Inside These Buildings

Voters, Pundits, and Americans across the nation are outraged by the new $578,000,000 High School that has been built in Los Angeles, California.  They are justified in their indignation as the State of California faces massive budget deficits and looming bankruptcy.

In St. Louis, the Federal Government built a massive eyesore called the Thomas F. Eagleton U.S. Courthouse that blotted out the beautiful view of the St. Louis Arch as you drive into St. Louis City from the county.

And gigantic Federal Buildings litter Washington DC creating a beautiful skyline built with taxpayer dollars.

Our government workers have certainly excelled at creating aesthetic and pleasing edifices in which to toil.

So, why is it that what goes on Inside These Buildings is such a massive failure?

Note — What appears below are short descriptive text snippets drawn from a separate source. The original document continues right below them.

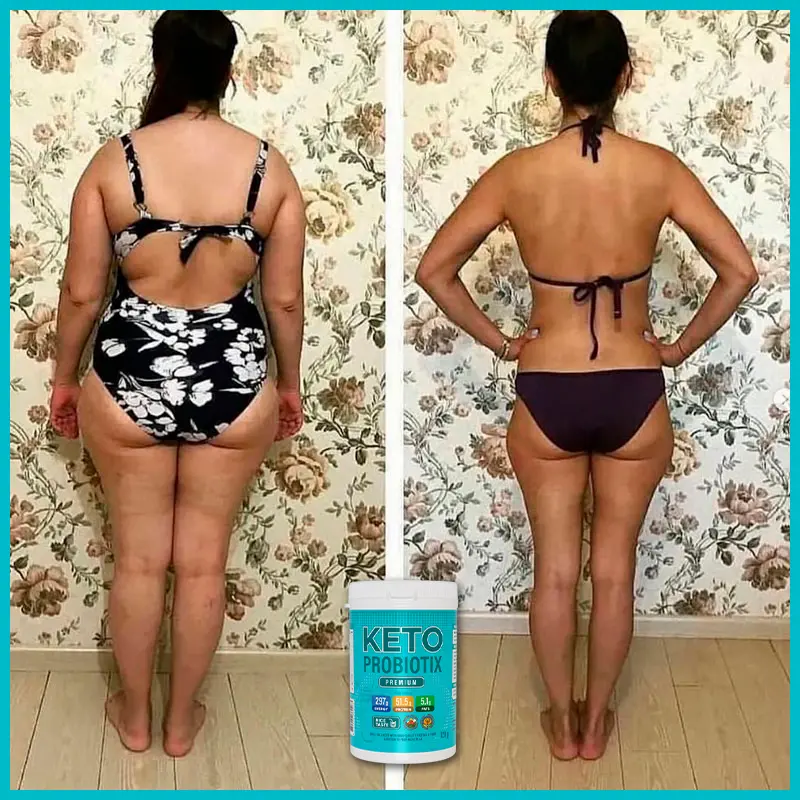 Keto Probiotix recensione 10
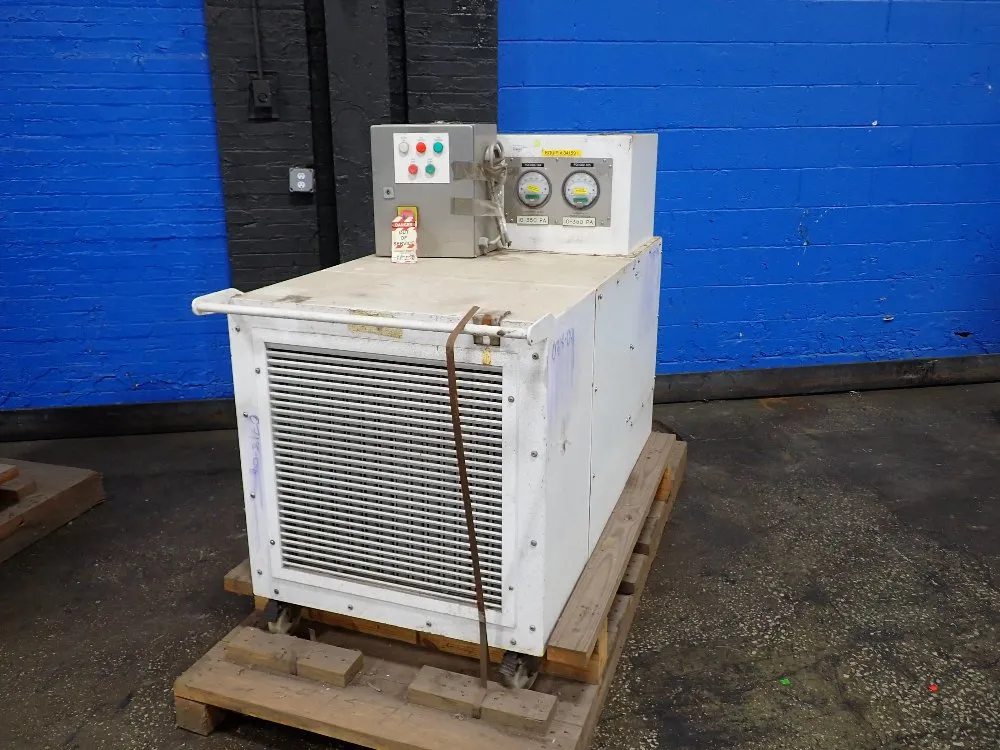 Ace Exhaust Air Module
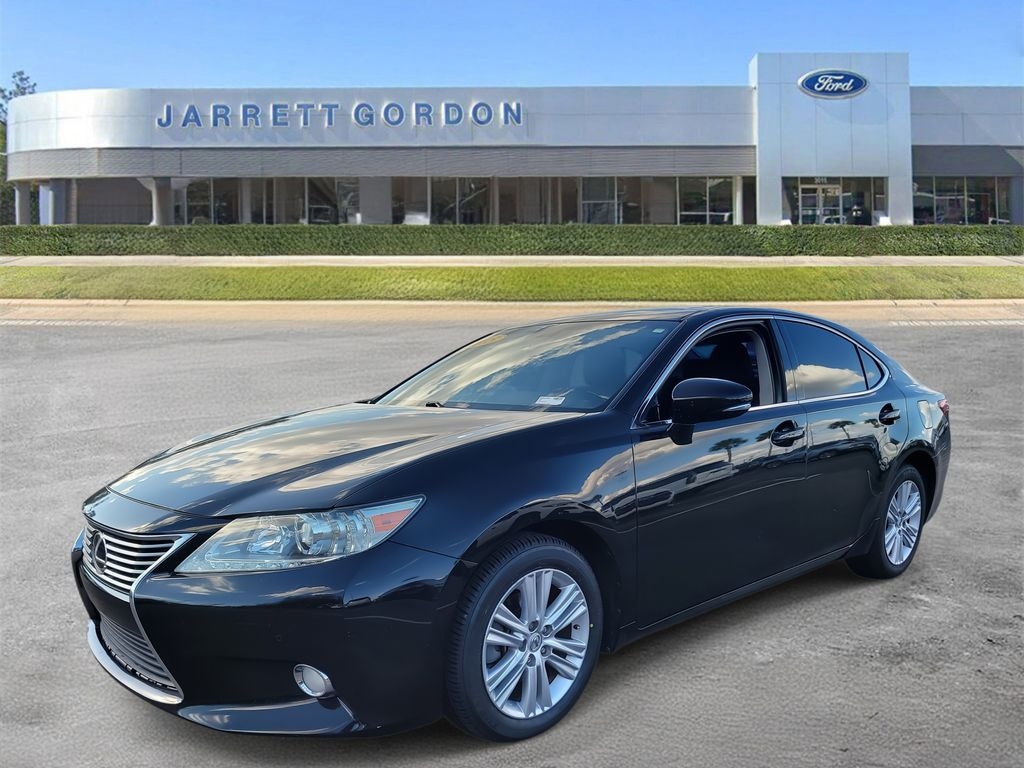 Used 2015 Lexus ES 350 Sedan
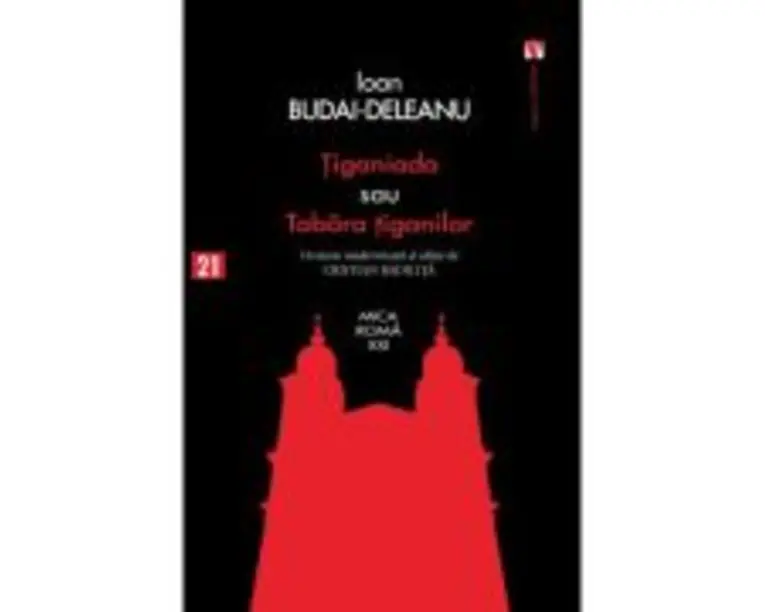 Tiganiada sau Tabara tiganilor - Ioan Budai-Deleanu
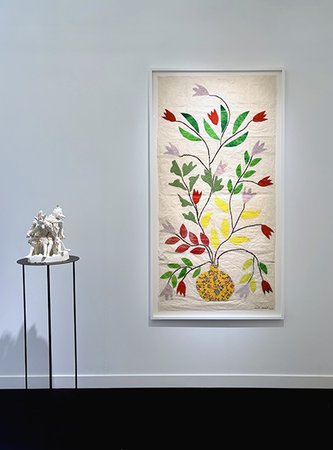 MAZE Art St. Moritz 2026, 26.02. - 01.03.2026, Image 5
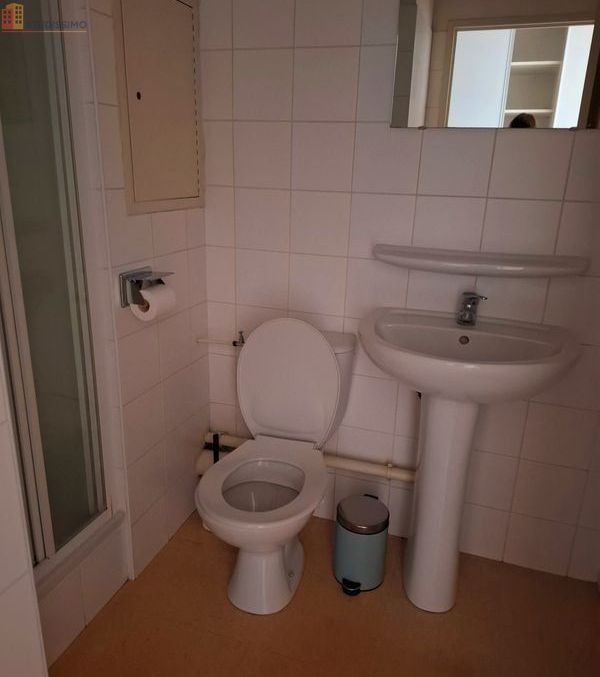 Studio meublé 20m² Grenoble 38100 - Résidence sécurisée, bon état - Photo 14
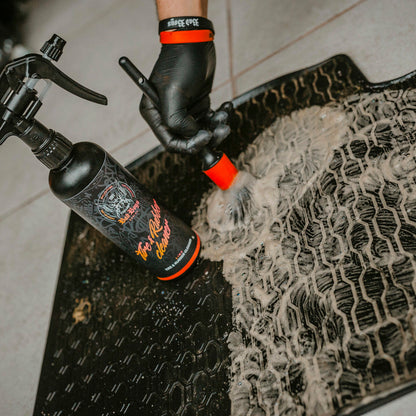 BadBoys Tyre & Rubber Cleaner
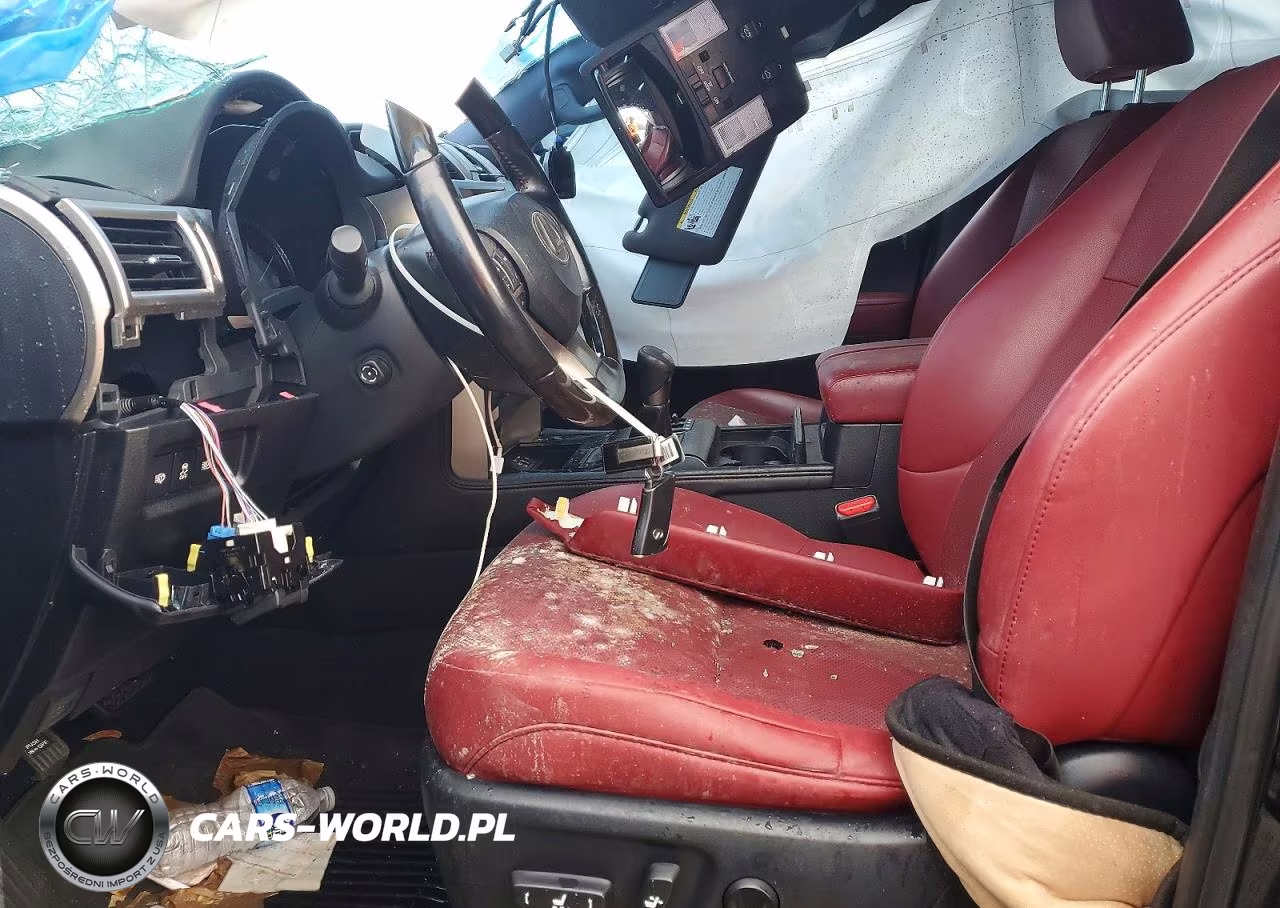 2020 Lexus Gx 460 Premium VIN:JTJAM7BX4L5259705 - 7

Those working within these sanctuaries to the labors of taxpayers probably don’t understand that government is but a necessary evil; probably have never read Thomas Paine’s Common Sense; probably don’t understand that the electorate must spend up to 1/2 of their working day to pay for the largesse of the government; and probably think that there should be more government effort to steer the ship of America.  They’ve probably never read (or understood) the Declaration of Independence (which lists grievances far less egregious than the offenses committed by the current American government) or the Constitution for the United States of America.

Ignorance.  Ignorance of the true building blocks of America and the free market which made her great.

It’s far past time to reduce the size of these massive buildings and the travesties executed within.  What is better for America as a whole?  A system of giant buildings that house massive failure?  Or, a simple trailer where successes are built.

My children spent two years in a trailer as their school was re-built after a tornado.  They succeeded in learning in those trailers.  Will they succeed in learning in the $578,000,000 school?  If they do, it certainly is not because of the building — it is in spite of it.